# Task to carry out
Copy out only the lines running from the one that contains "Sales Charts: Absolute" through the end of the listing. Pictures stay out.

# Dataset excerpt
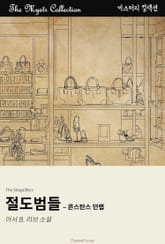 절도범들 - 콘스탄스 던랩 표지 이미지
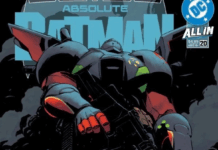 Sales Charts: Absolute Batman #20 and DC Comics lead May in Prana DMS charts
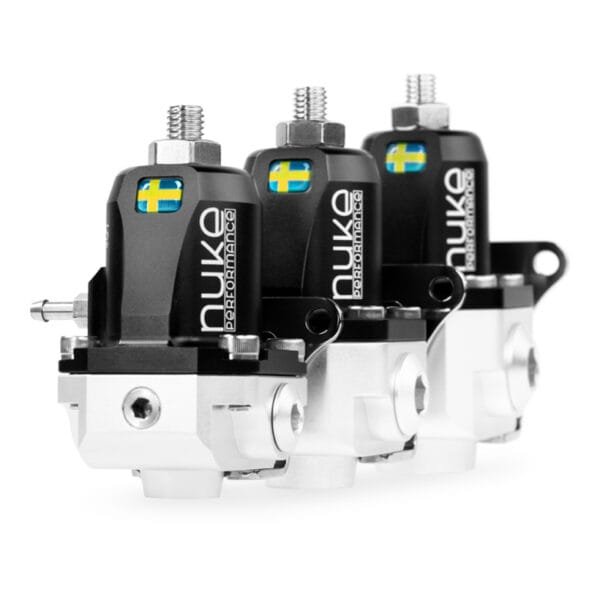 Nuke Performance Fuel Pressure Regulator FPR100x AN-10 (700-2000hp ) - Image 6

# Answer space
 Sales Charts: Absolute Batman #20 and DC Comics lead May in Prana DMS charts
 Nuke Performance Fuel Pressure Regulator FPR100x AN-10 (700-2000hp ) - Image 6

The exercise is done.